Notwithstanding all that is said above, and the injustice that has happened … this is a powerful film that white America should see.

Helen Kromm

There are several aspects of this that are left unsaid in the first paragraph describing the controversial nature of the film. Parker’s Colleague in the making of this production goes unnamed, nor is mention made that this colleague (Jean Celestin) was in fact convicted of sexual assault. That conviction was overturned by the Supreme Court on the grounds that his attorney did not provide adequate representation. He would have been retried, but the prosecutor felt that is was impossible years later to gather together all of the original witnesses.

I think it’s also important to mention, at least in passing, a few of the particulars regarding the victim. She was a 4.0 university student, and by all accounts, appeared to have bright future ahead of her. That was true until this incident invaded her life. Eleven years after the trial, she was dead after ingesting over 200 pills.

I would invite anyone to draw their own conclusions about this case by reading the exhaustive research provided by the “Daily Beast”:

Be forewarned that it is a tough and graphic read.

I think another important consideration here is the time frame when all of this transpired. Had these events occurred now, and with what we know regarding what is and is not informed consent, and what has transpired in terms of legislation regarding consent, the trial results would have been different.

So I for one have no interest in a review of this film. There are activities and crimes that I believe preclude celebrity for those that engage in such activities and crimes.

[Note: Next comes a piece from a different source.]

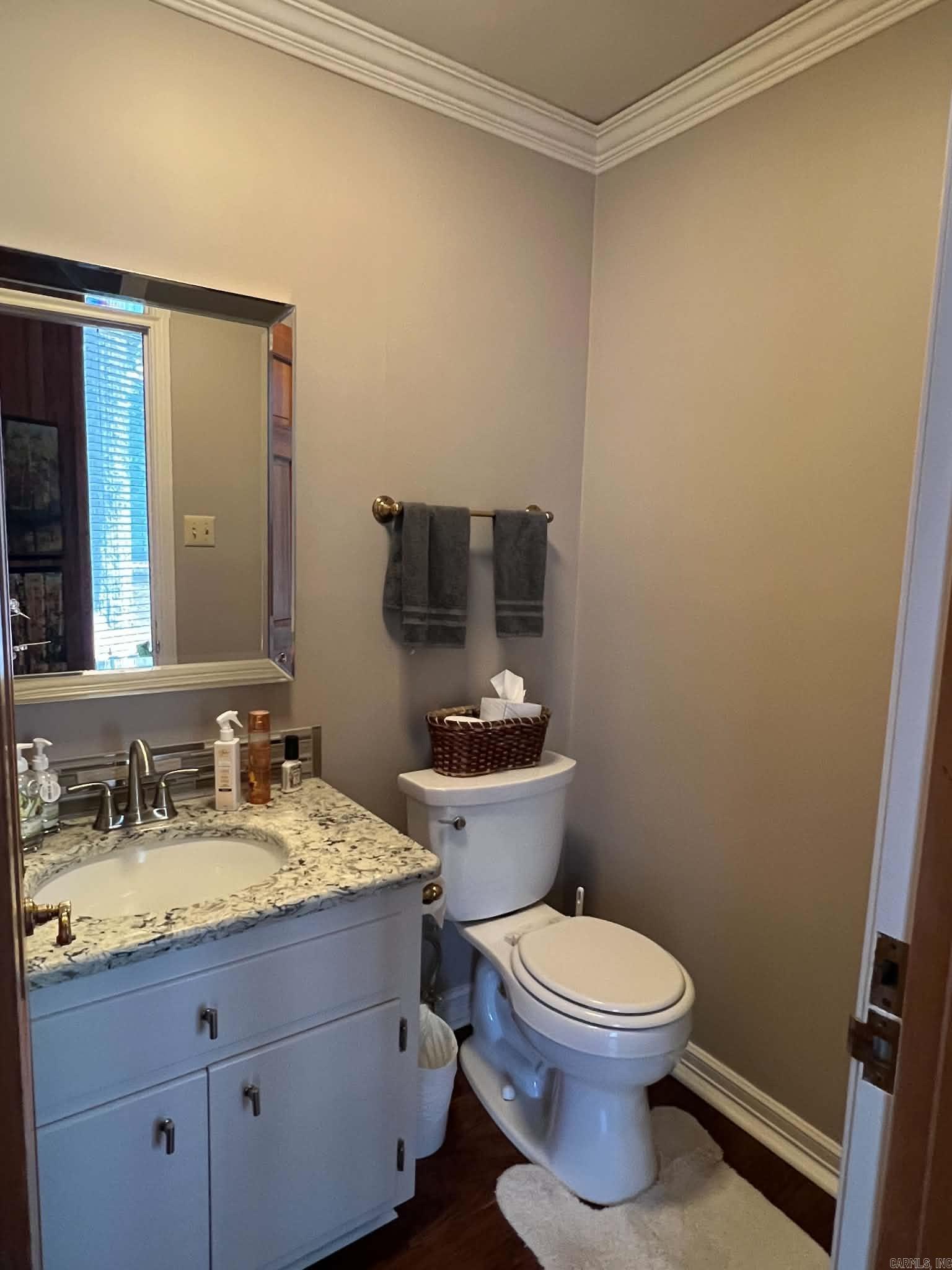 509 S Oakley Property Photo 30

And you have to ask, where does it stop? As very recent events seem to indicate, it doesn’t even stop in the pursuit of the White House. Some of us, many of us, and for whatever insane reason, feel an obligation to celebrate those that would denigrate and disparage women.

And now, at least to an extent, such celebration comes to the pages of an Episcopal publication.

David Allen

Here’s to hoping that you aren’t selective in your self-sensoring and encoragement of others to do the same. I hope that you turn the radio off when a Michael Jackson song comes on, not just the ones that he sings, but the ones that he wrote as well. And Woody Allen, etc., etc., etc.

Ann Fontaine

Wish this piece did not associate “dark” with bad.

James Byron

On the issue of the accusation: art exists separately from the artist (else we’d never be able to look at a Caravaggio); and in any case, Parker was acquitted.